**The problem**.
Print exactly the lines from the one containing "Sleek black Shinola" through the last line of the records below, both included, and nothing else; omit any pictures.

(Stored data entries)
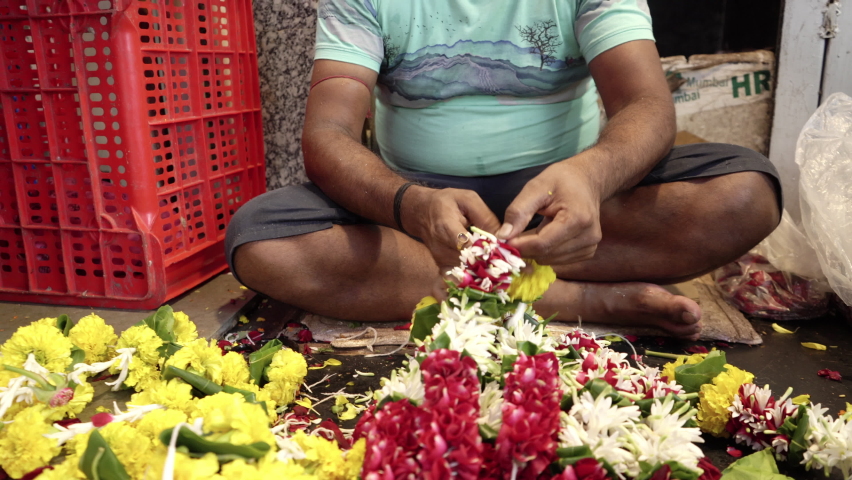 Closeup of a hand making flower garland, Mumbai, India Royalty-Free Stock Footage #1094845239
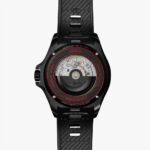Sleek black Shinola watch with exposed mechanical movement and durable ceramic bezel.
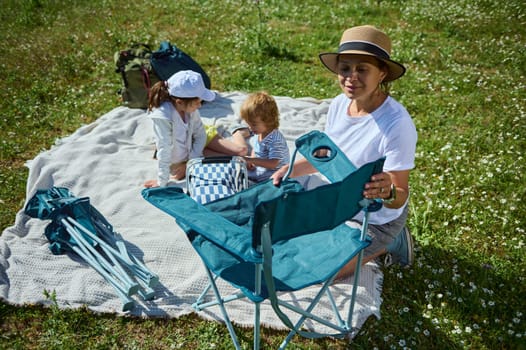 A family gathers for a picnic on a sunny day, enjoying time together in a lush grassy meadow surrounded by flowers. Perfect setting for camaraderie and outdoor relaxation.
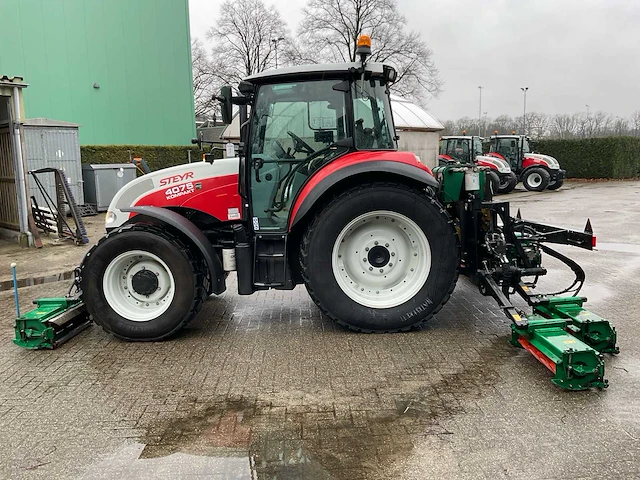 2015 steyr 4075 kompact vierwielaangedreven landbouwtractor met ransomes kooimaaier. - afbeelding 34 van  57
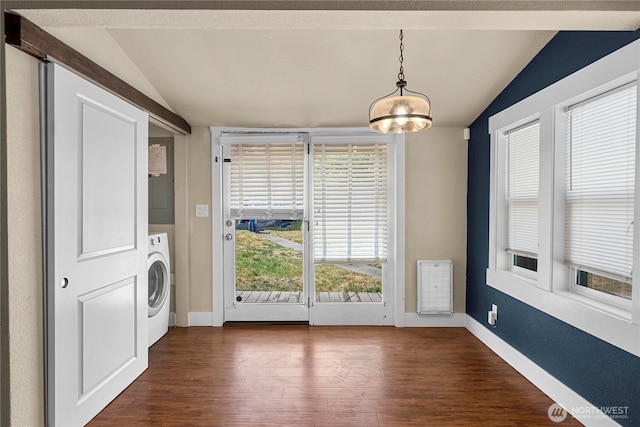 4050 E G St, Tacoma, WA 98404 - laundry room featuring washer / dryer, dark wood-style floors, healthy amount of natural light, and a chandelier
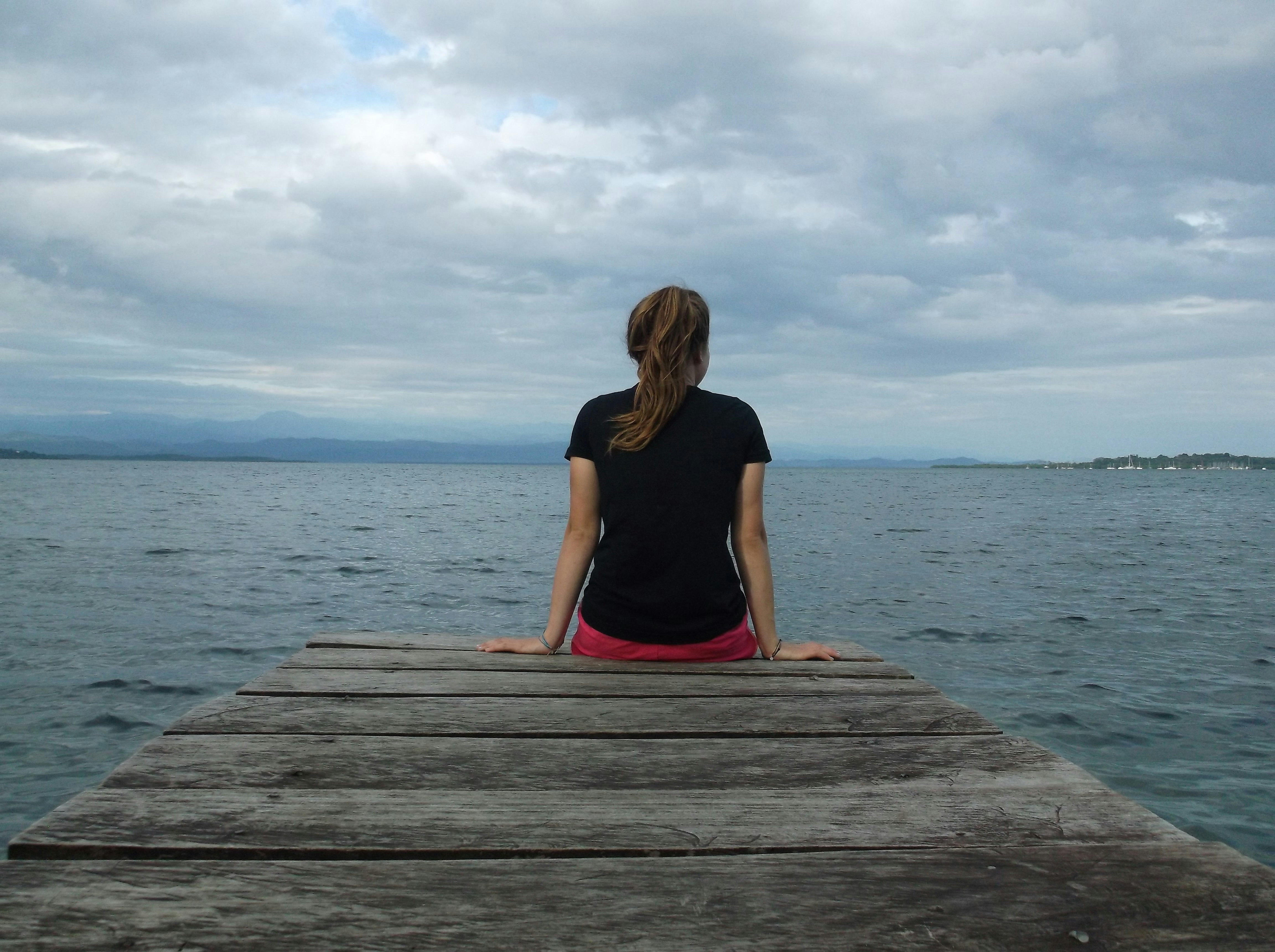 A woman sitting on a dock looking out at the water photo – Free Outward ...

**Reply to the task**.
Sleek black Shinola watch with exposed mechanical movement and durable ceramic bezel.
 A family gathers for a picnic on a sunny day, enjoying time together in a lush grassy meadow surrounded by flowers. Perfect setting for camaraderie and outdoor relaxation.
 2015 steyr 4075 kompact vierwielaangedreven landbouwtractor met ransomes kooimaaier. - afbeelding 34 van  57
 4050 E G St, Tacoma, WA 98404 - laundry room featuring washer / dryer, dark wood-style floors, healthy amount of natural light, and a chandelier
 A woman sitting on a dock looking out at the water photo – Free Outward ...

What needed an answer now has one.